I could scarcely believe my eyes as I picked up the money. You may think it was a very little thing, and in these days it seems to me like a trifle, but it was a most important incident in my life. I could scarcely credit that I, a poor boy, had earned a dollar in less than a day; that by honest work I had earned a dollar. I was a more hopeful and thoughtful boy from that time."

The goods were sold profitably at New Orleans and the return trip was made by steamboat. This was about twenty years after Fulton's first voyage from New York to Albany, which required seven days. Steamboats had been put on the Ohio and Mississippi rivers, but these crafts were of primitive construction--awkward as to shape and slow as to speed.

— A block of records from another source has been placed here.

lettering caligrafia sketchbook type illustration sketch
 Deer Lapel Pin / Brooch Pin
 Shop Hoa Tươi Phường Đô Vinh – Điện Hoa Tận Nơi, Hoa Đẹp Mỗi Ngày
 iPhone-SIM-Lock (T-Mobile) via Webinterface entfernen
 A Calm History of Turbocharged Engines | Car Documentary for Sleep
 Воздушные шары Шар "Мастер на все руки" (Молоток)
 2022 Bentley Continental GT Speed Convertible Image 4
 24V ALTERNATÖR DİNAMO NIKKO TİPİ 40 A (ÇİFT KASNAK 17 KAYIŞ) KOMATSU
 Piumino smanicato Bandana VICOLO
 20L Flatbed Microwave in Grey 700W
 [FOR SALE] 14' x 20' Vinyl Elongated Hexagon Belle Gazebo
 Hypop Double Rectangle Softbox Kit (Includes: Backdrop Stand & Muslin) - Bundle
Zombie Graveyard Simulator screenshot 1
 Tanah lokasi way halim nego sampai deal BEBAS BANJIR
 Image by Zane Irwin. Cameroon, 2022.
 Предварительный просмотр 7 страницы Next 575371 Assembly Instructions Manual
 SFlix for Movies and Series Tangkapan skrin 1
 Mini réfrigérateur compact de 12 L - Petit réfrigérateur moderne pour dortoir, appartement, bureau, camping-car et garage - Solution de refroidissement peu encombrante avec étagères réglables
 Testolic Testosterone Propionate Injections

The frequency of boiler explosions was proverbial for many years. The lads, Gentry and Lincoln, returned home duly and the employer was well satisfied with the results of the expedition.

In 1830 the epidemic "milk sick" reappeared in Indiana, and Thomas Lincoln had a pardonable desire to get out of the country. Illinois was at that time settling up rapidly and there were glowing accounts of its desirableness. Thomas Lincoln's decision to move on to the new land of promise was reasonable. He sold out and started with his family and household goods to his new destination. The time of year was March, just when the frost is coming out of the ground so that the mud is apparently bottomless. The author will not attempt to describe it, for he has in boyhood seen it many times and knows it to be indescribable.

It was Abe's duty to drive the four yoke of oxen, a task which must have strained even his patience.

They settled in Macon County, near Decatur. There the son faithfully worked with his father until the family was fairly settled, then started out in life for himself. For he had now reached the age of twenty-one. As he had pa.s.sed through the periods of childhood and youth, and was on the threshold of manhood, it is right and fitting to receive at this point the testimony of Sally Bush, his stepmother:

"Abe was a good boy, and I can say what scarcely one woman--a mother-- can say in a thousand: Abe never gave me a cross word or look, and never refused, in fact or appearance, to do anything I requested him. I never gave him a cross word in all my life.... He was a dutiful son to me always. I think he loved me truly. I had a son John who was raised with Abe. Both were good boys; but I must say, both being now dead, that Abe was the best boy I ever saw, or expect to see."

These words of praise redound to the honor of the speaker equally with that of her ill.u.s.trious stepson.

Lincoln came into the estate of manhood morally clean. He had formed no habits that would cause years of struggle to overcome, he had committed no deed that would bring the blush of shame to his cheek, he was as free from vice as from crime. He was not profane, he had never tasted liquor, he was no brawler, he never gambled, he was honest and truthful. On the other hand, he had a genius for making friends, he was the center of every social circle, he was a good talker and a close reasoner. Without a thought of the great responsibilities awaiting him, he had thus far fitted himself well by his faithfulness in such duties as fell to him.

CHAPTER V.

SECOND JOURNEY TO NEW ORLEANS.

The first winter in Illinois, 1830-31, was one of those epochal seasons which come to all communities. It is remembered by "the oldest inhabitant" to this day for the extraordinary amount of snow that fell.

There is little doing in such a community during any winter; but in such a winter as that there was practically nothing doing. Lincoln always held himself ready to accept any opportunity for work, but there was no opening that winter. The only thing he accomplished was what he did every winter and every summer of his life: namely, he made many friends.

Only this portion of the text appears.